WHAT IS NEEDED: The expected output is an exact copy of the lines from the one containing "Отвертка ударная с" to the final line below, minus any pictures.

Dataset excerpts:
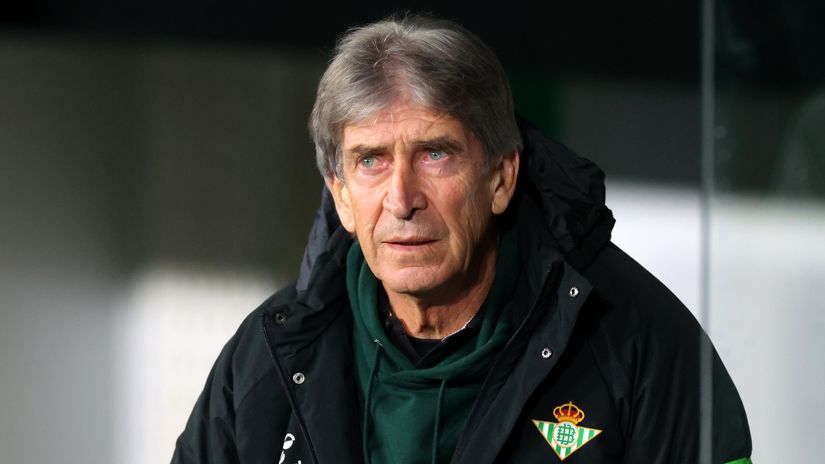 Manuel Pellegrini (©Getty Images)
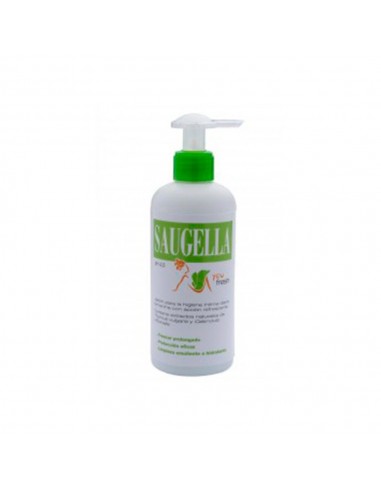 Saugella You Fresh Jabón Íntimo 200 ml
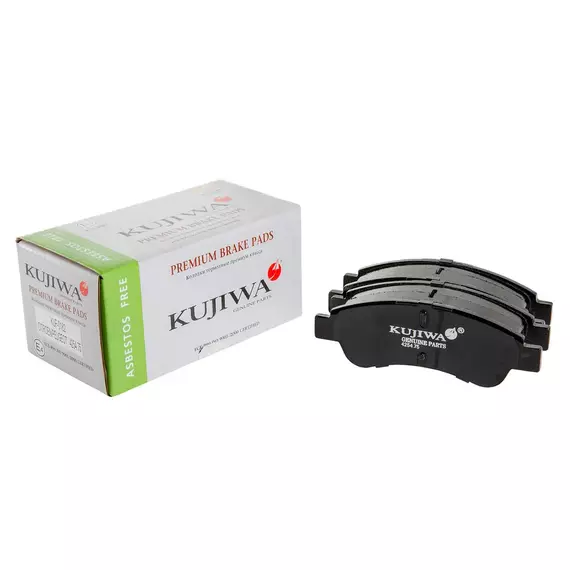 Тормозные колодки Citroen C3 I, II, Citroen C4 04-; Peugeot 307 00- передние KUF0182 KUJIWA 425475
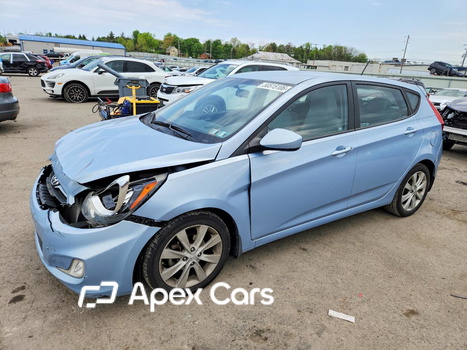 Hyundai Accent 2012 - Image 1 of 12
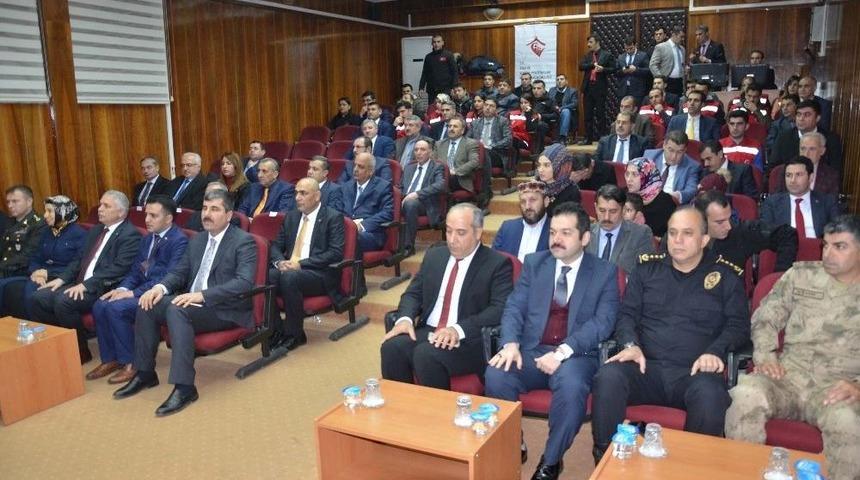 Muş&rsquo;ta Devlet &Ouml;v&uuml;n&ccedil; Madalyası Ve Beratı Tevcih T&ouml;reni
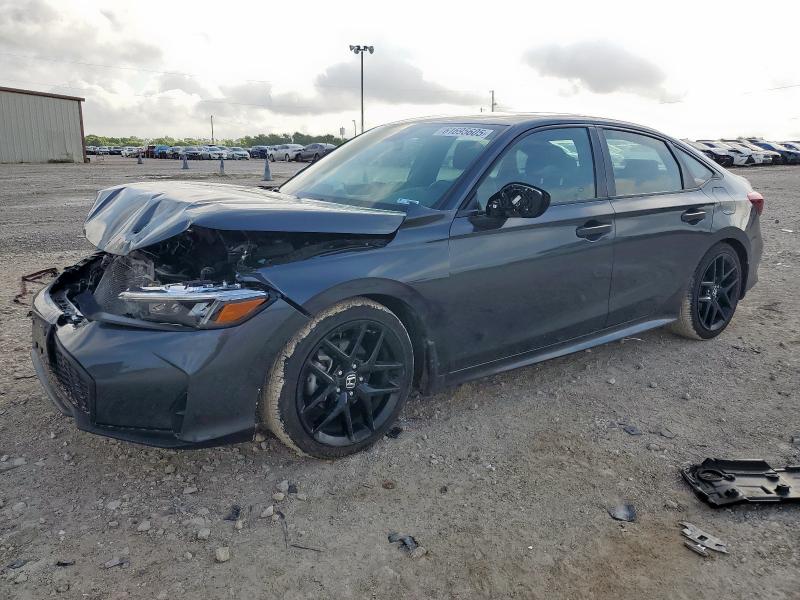 Vin: 2hgfe2f58sh504922, lot: 61695605, honda civic sport 2025 img_1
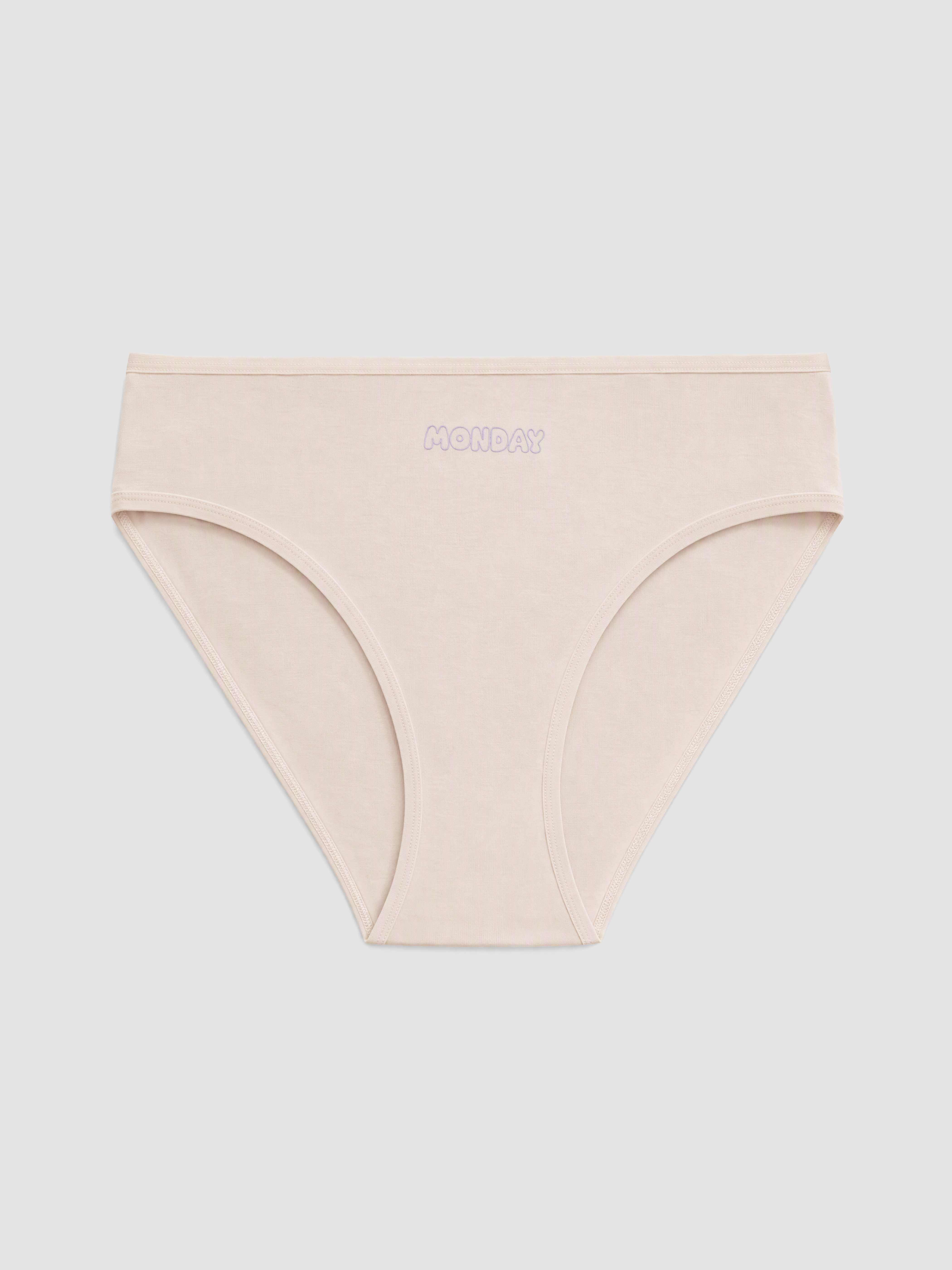 LCW Young Yazı Baskılı Bikini Külot 5'li görsel 6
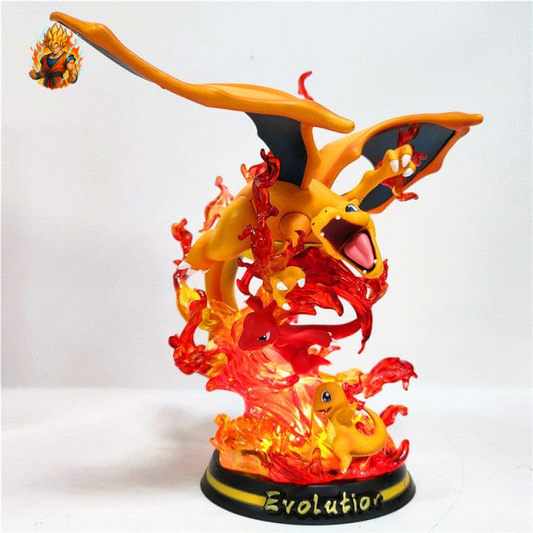 Charizard Evolution Pokémon Figur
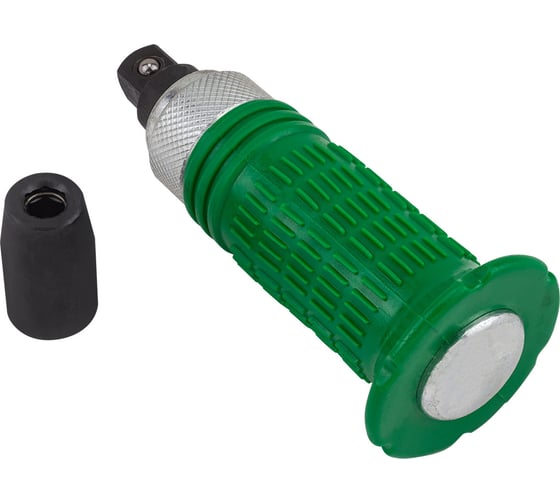 Отвертка ударная с набором бит и адаптером Rockforce 8 предметов RF-5064S(62228)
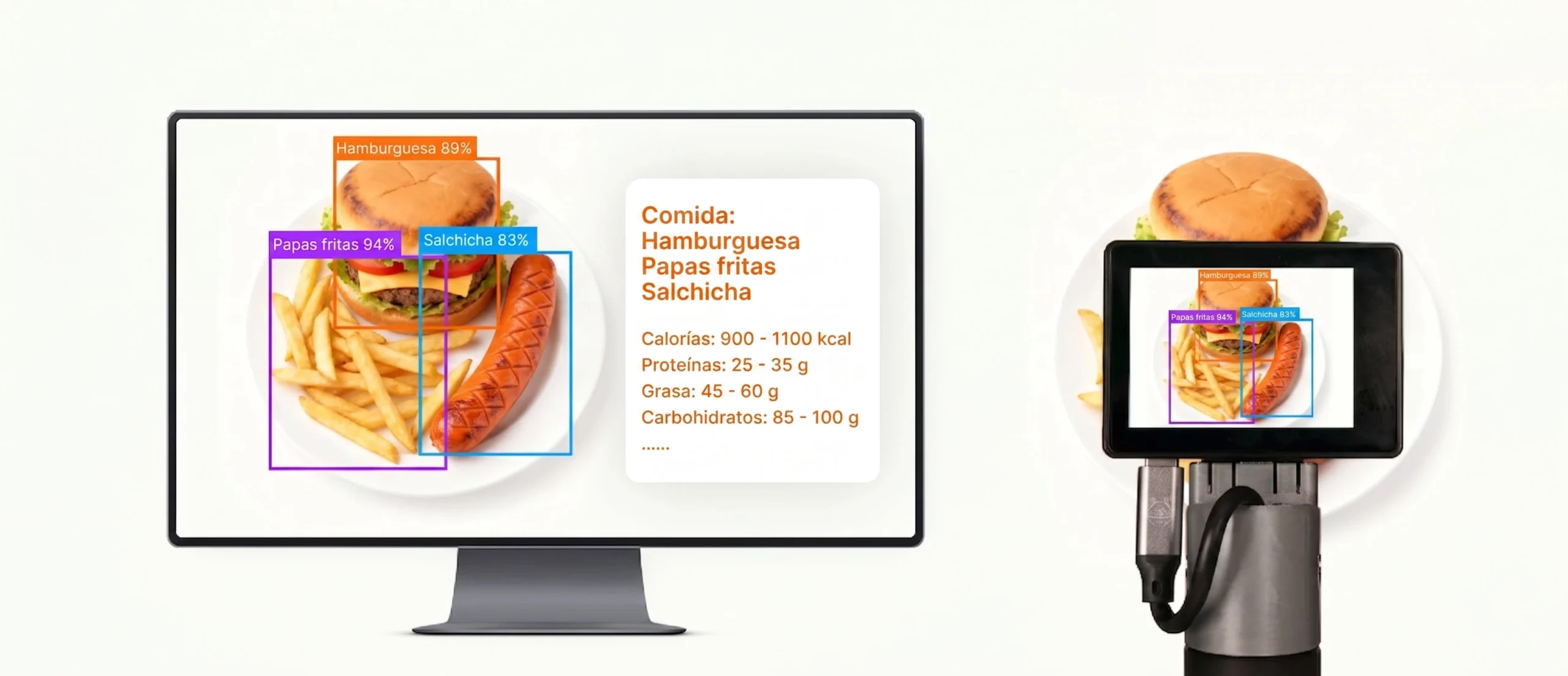 HUSKYLENS 2 Sensor de Visión con IA 2-6 TOPS LLM MCP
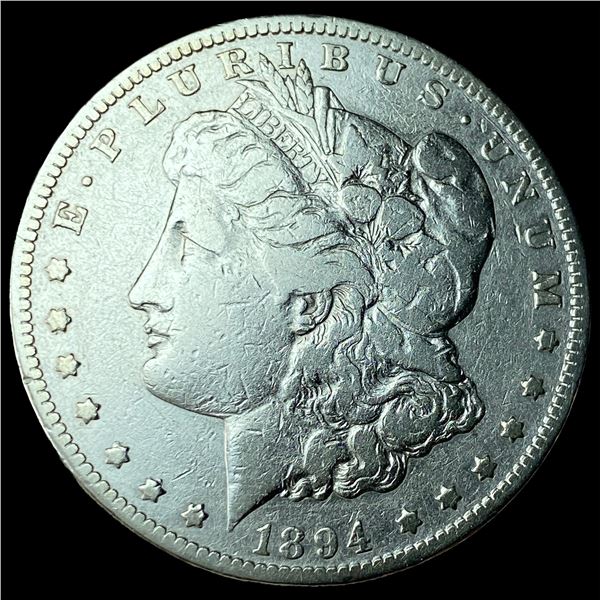 1894-S Silver Morgan Dollar NEARLY UNCIRCULATED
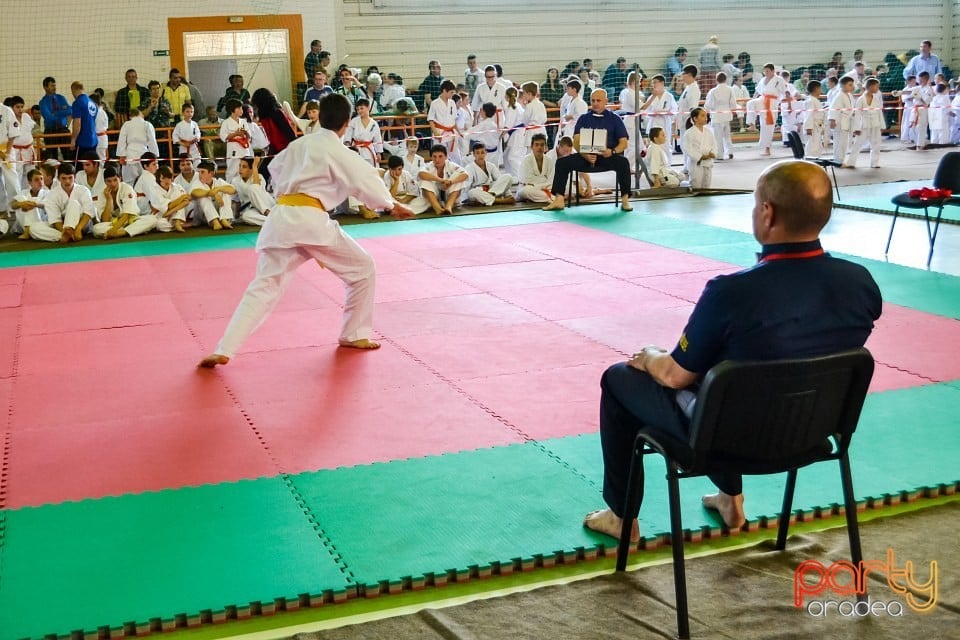 Campionat Naţional de Karate, Universitatea din Oradea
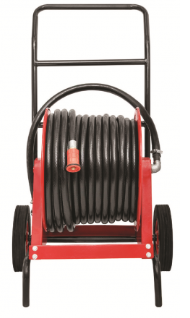 Slöngukefli á kerru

PROBLEM SOLUTION:
 Отвертка ударная с набором бит и адаптером Rockforce 8 предметов RF-5064S(62228)
 HUSKYLENS 2 Sensor de Visión con IA 2-6 TOPS LLM MCP
 1894-S Silver Morgan Dollar NEARLY UNCIRCULATED
 Campionat Naţional de Karate, Universitatea din Oradea
 Slöngukefli á kerru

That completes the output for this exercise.